As with the previous assignments, make sure that you adhere to the
constraints of the functional programming paradigm (e.g., access only
information passed as parameters, return one value, no side effects, no
LET, no SET!, etc.). Furthermore, remember that you're programming for
people, not for the benefit of the computer. Write your code so that
other people can understand it easily. That means you should worry
about modularity and abstraction where appropriate, and you should
employ meaningful function and parameter names. Follow the
style and documentation guidelines that we will be providing soon.
Don't forget to include that collaboration statement up front.
To construct these functions, you may use DEFINE, COND, IF, CAR, CDR,
CONS, EQUAL?, =, >, <, >=, <=, NULL?, LIST?, PAIR?, +, -, *, /, AND,
OR, NOT, QUOTE (or '), MEMBER, and REVERSE. You may not need all of these,
but they are all available to you. You may also use (or reuse) any function
which you have defined.
And in case you weren't sure, all the functions you write as
solutions to the following problems are to be written in Scheme.
The first eight problems are just more simple recursion practice.
The good stuff comes after problem 8.
1) The function SET-DIFFERENCE takes two lists as arguments and
returns a list of top-level elements of the first argument
that do not appear in the second argument.
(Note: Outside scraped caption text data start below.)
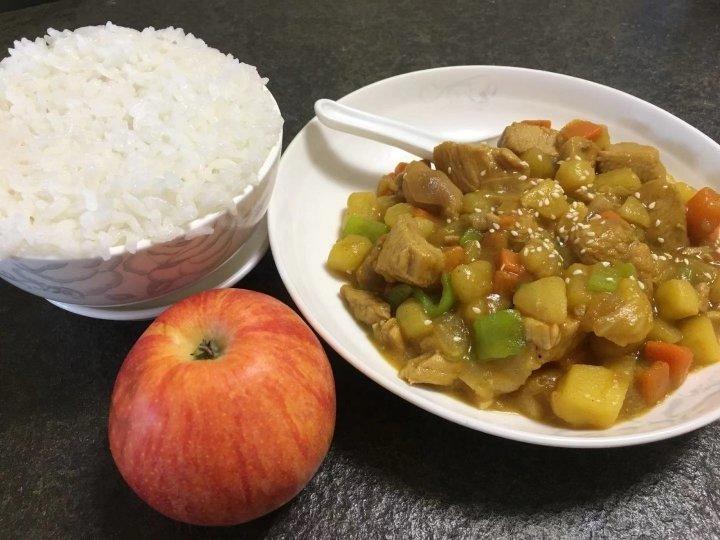 土豆咖喱鸡肉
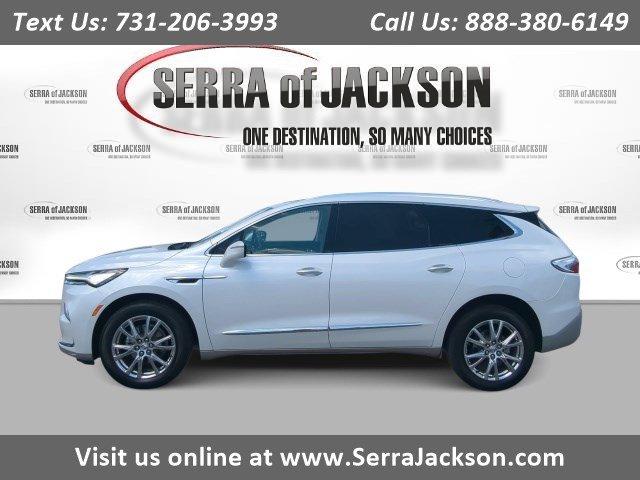 Buick Enclave 2023
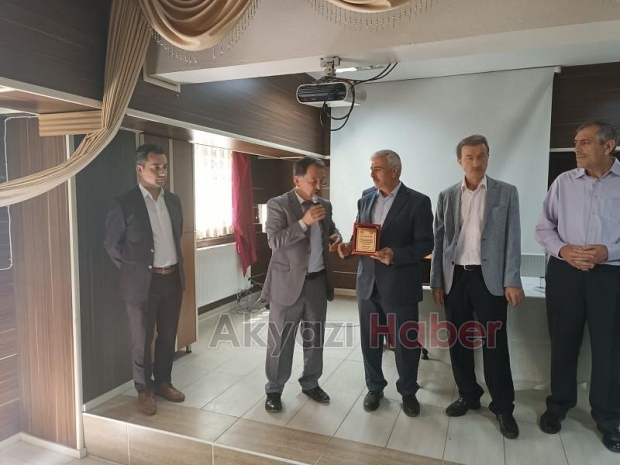 Akyazı'da emekli olan diyanet görevlilerine ödül verildi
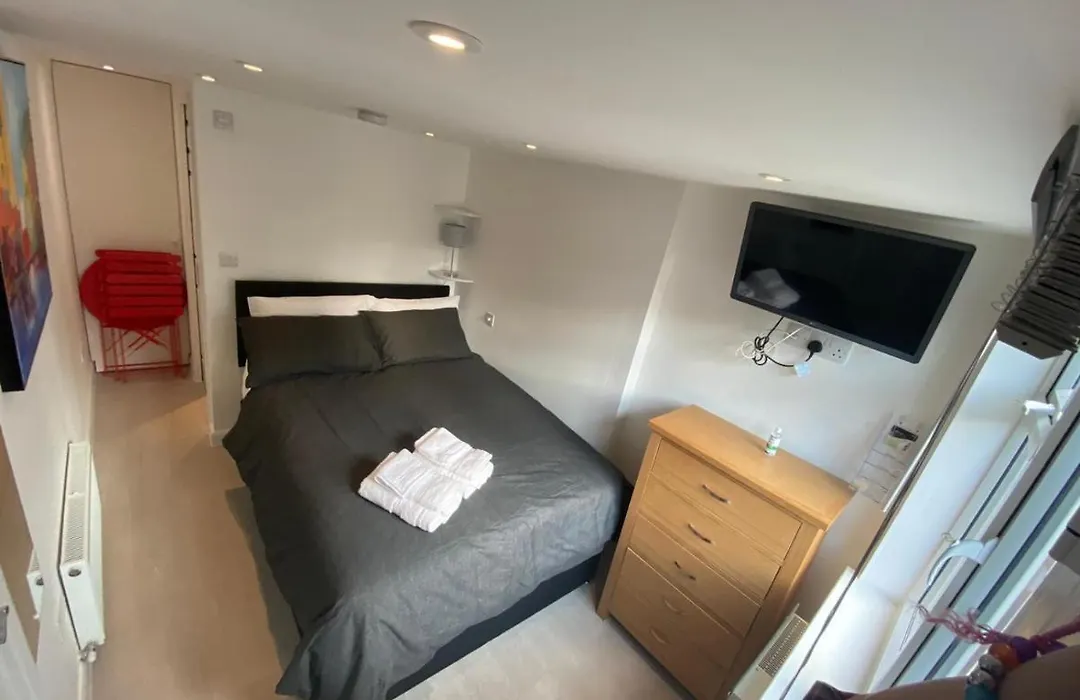 Comfortable Cosy Double Ensuite Room 'Karibu'-1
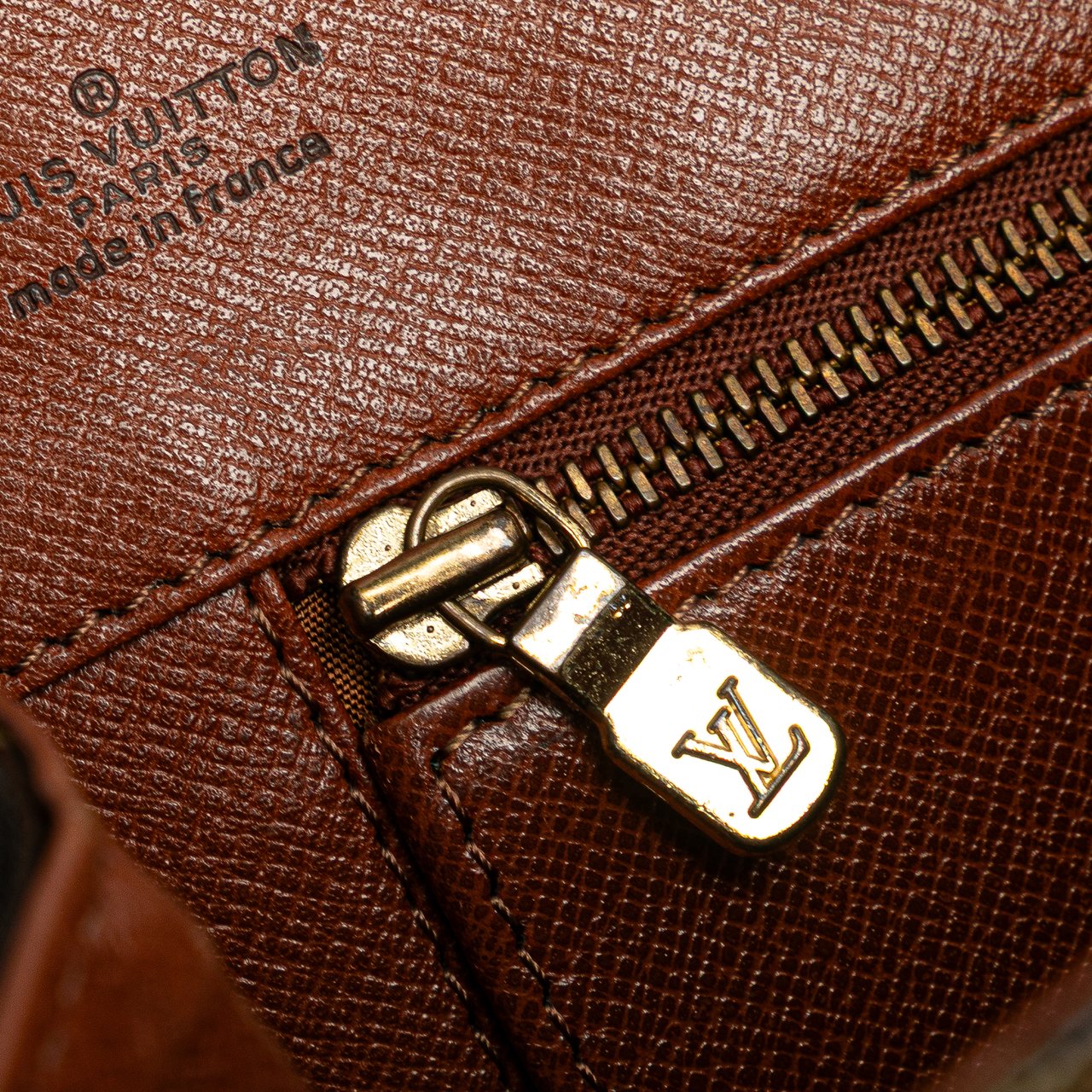 Louis Vuitton Monogram Pochette Dame GM Bruin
Create
SET-DIFFERENCE using only augmenting recursion.
> (set-difference '(a b c) '(b c d))
(a)
> (set-difference '(b c d) '(a b c))
(d)
> (set-difference '(a b) '(c d))
(b a) ;; order is unimportant
2) Now create another version of SET-DIFFERENCE using only tail
recursion. Call this function SET-DIFFERENCE-TR.
3) SUBSET? is a predicate that takes two lists as arguments and
returns #t if every top-level element of the first argument
appears as a top-level element in the second argument. It
returns #f otherwise. Create SUBSET? using only augmenting
recursion.
> (subset? '(c d) '(a b c d))
#t
> (subset? '(c d) '(d c b a))
#t
> (subset? '(a b c) '(b c d))
#f
> (subset? '(c d) '())
#f
> (subset? '() '(c d))
#t
4) Now create another version of SUBSET? using only tail
recursion. Call this predicate SUBSET-TR?.
5) MAKE-LIST is a function that takes two arguments. The
first argument is a non-negative integer (let's call it N)
and the second argument is anything. MAKE-LIST creates and
returns a list of N copies of the second argument.
Create MAKE-LIST using only augmenting recursion.
> (make-list 3 'ha)
(ha ha ha)
> (make-list 3 ())
(() () ())
> (make-list 0 'ha)
()
> (make-list 2 '(help (me)))
((help (me)) (help (me)))
>
6) Now create another version of MAKE-LIST using only tail
recursion. Call this predicate MAKE-LIST-TR.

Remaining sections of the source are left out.